Eigenen Angaben zufolge war Kinzel vor einer Woche in Wismar von drei unbekannten, der rechten Szene angehörenden Männern angegriffen, als "schwule Kommunistensau" beschimpft und mit einem Messer mehrfach verletzt worden. Nur durch seinen dicken Mantel sei er schweren Verletzungen entgangen, wie Kinzel dem NDR berichtete. Doch an dieser Darstellung hat die Staatsanwaltschaft erhebliche Zweifel.


 

Staatsanwaltschaft: "Selbstbeibringung wahrscheinlich"

Ausschlaggebend dafür sei das Gutachten eines Rechtsmediziners, der die Verletzungen Kinzels untersucht hatte. Dabei sei herausgekommen, dass "die Art der Verletzungen nicht mit dem behaupteten Verlauf des Überfalles in Übereinstimmung zu bringen seien, eine Selbstbeibringung dagegen hinreichend wahrscheinlich ist", wie es weiter hieß. NDR Recherchen hatten zuvor bereits ergeben, dass die Wunden Kinzels am Arm Schnitte zeigten, die kreuz und quer über den Unterarm verliefen. Dies sei nur schwerlich mit dem behaupteten Tathergang in Einklang zu bringen, sagte eine Gerichtsmedizinerin dem NDR Nordmagazin.

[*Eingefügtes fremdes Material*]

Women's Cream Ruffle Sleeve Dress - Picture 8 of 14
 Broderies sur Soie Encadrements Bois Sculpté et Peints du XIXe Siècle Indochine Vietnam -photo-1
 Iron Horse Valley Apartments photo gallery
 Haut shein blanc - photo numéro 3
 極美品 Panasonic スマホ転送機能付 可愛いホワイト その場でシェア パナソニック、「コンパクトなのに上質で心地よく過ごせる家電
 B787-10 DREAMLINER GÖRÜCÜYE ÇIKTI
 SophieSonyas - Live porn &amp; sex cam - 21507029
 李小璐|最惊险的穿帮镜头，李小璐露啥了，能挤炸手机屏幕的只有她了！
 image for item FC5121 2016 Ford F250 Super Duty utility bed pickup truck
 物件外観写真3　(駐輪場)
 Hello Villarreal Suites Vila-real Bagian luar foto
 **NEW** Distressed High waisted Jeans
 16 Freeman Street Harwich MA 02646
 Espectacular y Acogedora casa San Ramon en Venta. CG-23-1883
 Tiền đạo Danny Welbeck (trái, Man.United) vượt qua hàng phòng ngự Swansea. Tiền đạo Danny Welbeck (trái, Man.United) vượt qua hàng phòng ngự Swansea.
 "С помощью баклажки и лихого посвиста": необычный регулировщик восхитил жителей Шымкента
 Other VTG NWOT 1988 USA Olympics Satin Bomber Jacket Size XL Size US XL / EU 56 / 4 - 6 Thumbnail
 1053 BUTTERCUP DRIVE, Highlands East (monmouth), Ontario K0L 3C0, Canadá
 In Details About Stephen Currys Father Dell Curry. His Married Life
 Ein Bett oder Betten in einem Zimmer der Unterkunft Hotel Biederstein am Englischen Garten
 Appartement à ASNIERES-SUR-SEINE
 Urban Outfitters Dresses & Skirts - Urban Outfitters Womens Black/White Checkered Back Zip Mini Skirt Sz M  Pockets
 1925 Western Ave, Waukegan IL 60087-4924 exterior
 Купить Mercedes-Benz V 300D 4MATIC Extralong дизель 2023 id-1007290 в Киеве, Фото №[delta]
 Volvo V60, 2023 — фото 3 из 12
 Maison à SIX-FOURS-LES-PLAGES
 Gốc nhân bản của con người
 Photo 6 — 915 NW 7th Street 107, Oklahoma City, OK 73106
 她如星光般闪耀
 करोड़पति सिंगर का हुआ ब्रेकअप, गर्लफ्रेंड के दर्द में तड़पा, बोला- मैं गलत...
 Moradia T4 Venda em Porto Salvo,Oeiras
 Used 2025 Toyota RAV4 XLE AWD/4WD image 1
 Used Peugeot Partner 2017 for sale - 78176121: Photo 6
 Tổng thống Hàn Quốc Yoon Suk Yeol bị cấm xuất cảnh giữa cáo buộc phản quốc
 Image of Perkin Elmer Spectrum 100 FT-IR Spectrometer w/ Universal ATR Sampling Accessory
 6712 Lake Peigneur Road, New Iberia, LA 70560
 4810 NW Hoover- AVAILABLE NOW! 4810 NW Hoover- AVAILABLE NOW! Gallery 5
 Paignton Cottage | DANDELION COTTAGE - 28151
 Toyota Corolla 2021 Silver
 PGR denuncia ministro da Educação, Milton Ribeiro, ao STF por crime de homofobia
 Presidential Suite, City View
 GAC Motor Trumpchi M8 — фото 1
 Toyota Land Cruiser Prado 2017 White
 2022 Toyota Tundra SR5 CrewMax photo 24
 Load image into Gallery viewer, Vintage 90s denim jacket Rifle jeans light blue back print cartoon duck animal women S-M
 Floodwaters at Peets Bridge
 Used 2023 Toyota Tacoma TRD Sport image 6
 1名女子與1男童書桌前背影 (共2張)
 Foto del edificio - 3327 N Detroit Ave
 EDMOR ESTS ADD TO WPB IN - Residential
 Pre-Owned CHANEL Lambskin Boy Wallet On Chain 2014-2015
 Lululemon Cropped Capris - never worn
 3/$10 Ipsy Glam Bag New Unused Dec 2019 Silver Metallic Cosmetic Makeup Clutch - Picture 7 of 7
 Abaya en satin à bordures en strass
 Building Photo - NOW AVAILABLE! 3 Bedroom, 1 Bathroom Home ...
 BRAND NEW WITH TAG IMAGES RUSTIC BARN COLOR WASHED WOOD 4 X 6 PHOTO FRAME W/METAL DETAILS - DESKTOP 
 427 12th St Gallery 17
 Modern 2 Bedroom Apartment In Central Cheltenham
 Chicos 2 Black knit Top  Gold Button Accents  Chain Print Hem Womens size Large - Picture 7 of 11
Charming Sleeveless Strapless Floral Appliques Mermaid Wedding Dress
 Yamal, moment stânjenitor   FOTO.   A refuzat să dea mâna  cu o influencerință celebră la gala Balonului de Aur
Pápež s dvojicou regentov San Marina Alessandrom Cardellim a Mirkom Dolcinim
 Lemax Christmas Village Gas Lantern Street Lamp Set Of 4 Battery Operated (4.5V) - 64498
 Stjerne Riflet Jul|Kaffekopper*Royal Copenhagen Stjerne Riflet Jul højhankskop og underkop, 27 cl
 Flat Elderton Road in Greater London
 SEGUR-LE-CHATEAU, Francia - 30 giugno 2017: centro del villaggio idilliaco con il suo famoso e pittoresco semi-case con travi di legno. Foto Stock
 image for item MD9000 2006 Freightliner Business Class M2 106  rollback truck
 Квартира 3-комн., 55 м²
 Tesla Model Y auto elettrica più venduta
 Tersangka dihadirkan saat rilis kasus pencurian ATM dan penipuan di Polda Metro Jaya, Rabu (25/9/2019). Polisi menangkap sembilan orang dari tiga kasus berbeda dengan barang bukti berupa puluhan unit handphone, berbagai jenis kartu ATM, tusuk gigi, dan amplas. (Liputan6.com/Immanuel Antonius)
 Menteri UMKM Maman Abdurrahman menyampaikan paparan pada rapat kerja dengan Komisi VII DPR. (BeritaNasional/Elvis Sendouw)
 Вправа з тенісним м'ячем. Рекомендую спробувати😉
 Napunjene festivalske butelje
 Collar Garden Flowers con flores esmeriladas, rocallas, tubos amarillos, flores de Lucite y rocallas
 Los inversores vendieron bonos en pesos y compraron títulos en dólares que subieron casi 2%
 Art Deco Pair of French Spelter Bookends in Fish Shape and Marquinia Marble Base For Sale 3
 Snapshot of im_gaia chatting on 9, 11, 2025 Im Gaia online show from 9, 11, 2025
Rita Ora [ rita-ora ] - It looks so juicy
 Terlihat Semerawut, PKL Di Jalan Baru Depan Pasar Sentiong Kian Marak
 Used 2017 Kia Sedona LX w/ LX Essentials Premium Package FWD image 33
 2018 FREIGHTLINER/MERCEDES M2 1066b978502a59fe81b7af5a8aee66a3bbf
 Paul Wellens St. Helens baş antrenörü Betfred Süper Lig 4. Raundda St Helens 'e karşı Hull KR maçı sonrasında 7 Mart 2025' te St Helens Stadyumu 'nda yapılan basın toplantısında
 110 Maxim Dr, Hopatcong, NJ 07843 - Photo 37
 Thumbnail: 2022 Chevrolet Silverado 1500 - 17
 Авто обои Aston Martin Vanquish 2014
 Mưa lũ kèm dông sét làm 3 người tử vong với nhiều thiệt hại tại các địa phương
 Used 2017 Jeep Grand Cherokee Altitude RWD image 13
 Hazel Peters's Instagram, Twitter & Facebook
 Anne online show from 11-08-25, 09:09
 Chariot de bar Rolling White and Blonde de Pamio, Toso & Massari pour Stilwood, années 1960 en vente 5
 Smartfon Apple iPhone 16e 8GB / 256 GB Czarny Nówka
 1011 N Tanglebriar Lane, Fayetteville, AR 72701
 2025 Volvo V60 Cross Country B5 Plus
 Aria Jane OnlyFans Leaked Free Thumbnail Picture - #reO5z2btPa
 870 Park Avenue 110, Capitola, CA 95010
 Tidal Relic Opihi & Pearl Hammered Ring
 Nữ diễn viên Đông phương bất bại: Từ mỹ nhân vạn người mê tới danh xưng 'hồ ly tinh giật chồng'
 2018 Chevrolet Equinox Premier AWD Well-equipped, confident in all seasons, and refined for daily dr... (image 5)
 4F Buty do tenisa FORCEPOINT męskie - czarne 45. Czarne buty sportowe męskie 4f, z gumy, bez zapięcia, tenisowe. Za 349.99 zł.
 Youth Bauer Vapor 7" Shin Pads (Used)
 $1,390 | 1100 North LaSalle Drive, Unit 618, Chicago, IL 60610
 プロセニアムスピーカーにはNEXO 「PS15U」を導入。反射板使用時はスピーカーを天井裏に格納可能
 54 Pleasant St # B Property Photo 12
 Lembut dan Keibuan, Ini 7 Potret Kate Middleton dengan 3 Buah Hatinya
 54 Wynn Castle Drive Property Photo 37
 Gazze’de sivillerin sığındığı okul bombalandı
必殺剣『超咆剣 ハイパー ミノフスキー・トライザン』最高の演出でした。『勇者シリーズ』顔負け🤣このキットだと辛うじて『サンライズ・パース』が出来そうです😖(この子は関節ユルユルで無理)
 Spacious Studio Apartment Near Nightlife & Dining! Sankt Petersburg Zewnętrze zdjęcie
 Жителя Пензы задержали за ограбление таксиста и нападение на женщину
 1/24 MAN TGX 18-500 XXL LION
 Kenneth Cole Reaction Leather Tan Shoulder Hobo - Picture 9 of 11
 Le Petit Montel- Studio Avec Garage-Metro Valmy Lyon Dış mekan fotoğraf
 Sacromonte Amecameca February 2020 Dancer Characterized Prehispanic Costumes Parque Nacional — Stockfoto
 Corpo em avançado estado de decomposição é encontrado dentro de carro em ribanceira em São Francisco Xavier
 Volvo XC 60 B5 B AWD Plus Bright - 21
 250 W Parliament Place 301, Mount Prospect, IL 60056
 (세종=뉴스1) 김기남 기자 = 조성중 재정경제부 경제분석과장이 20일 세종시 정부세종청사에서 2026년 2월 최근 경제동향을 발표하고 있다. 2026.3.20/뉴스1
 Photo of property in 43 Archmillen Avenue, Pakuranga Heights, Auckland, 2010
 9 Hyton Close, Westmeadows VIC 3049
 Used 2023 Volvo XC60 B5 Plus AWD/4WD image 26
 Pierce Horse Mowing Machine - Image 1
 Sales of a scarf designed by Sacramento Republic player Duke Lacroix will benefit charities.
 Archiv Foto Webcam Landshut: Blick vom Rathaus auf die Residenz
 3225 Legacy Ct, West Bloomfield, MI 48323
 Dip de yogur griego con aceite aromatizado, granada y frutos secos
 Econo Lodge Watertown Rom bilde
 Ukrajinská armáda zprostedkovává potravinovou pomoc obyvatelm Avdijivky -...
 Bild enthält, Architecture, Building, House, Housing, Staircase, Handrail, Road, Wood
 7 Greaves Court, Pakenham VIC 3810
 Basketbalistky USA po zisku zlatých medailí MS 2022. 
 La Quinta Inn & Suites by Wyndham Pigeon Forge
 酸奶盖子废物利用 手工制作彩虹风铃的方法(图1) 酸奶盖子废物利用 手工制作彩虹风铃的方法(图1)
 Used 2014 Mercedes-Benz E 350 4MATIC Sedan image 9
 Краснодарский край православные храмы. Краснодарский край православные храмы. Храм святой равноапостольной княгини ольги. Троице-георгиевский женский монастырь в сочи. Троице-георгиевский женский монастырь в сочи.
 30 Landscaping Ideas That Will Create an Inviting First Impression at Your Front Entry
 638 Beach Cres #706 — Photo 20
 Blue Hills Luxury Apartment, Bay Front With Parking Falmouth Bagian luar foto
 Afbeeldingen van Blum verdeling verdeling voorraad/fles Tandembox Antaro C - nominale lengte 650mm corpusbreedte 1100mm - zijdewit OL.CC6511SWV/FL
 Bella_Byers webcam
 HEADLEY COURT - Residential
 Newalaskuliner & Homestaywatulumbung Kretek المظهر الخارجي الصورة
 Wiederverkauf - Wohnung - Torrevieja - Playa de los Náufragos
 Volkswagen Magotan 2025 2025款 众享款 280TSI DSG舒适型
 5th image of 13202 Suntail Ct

Kinzel konnte ramponierten Mantel nicht vorzeigen

Die Staatsanwaltschaft verwies am Montag noch auf weitere Ungereimtheiten. So sei Kinzel nicht in der Lage gewesen, den bei dem vermeintlichen Überfall beschädigten Mantel bei der Polizei vorzulegen. Der Jungpolitiker habe als Erklärung angegeben, dass der Mantel nach der Tat gestohlen worden sei. Die Vortäuschung einer Straftat wird mit einer Freiheitsstrafe von bis zu drei Jahren oder einer Geldstrafe geahndet.

Von Beginn an Ungereimtheiten

Von Anfang an gab es Verwunderung darüber, dass das Opfer nicht sofort die Polizei gerufen hat, sondern erst einen Tag später eine Anzeige aufgab. Die Meldung geschah wiederum auch nur über die sogenannte Internet-Wache, also nicht persönlich bei der Polizei. Selbst für die Polizei war dann eine Kontaktaufnahme mit Kinzel lange nicht möglich. Julian Kinzel ist für den NDR seit Tagen nicht zu erreichen.

Linken-Kreisvorsitzender: "Keine anderen Erkenntnisse"

Der Schweriner Linken-Kreisvorsitzende Peter Brill, der in der Vorwoche mit einer Pressemitteilung den Fall öffentlich gemacht hatte, wollte sich zu dem nun gegen seinen Vorstandskollegen eröffneten Verfahren nicht äußern. "Mir liegen keine anderen Erkenntnisse vor als in der vorigen Woche", sagte Brill. An den Angaben habe es für ihn keine Zweifel gegeben.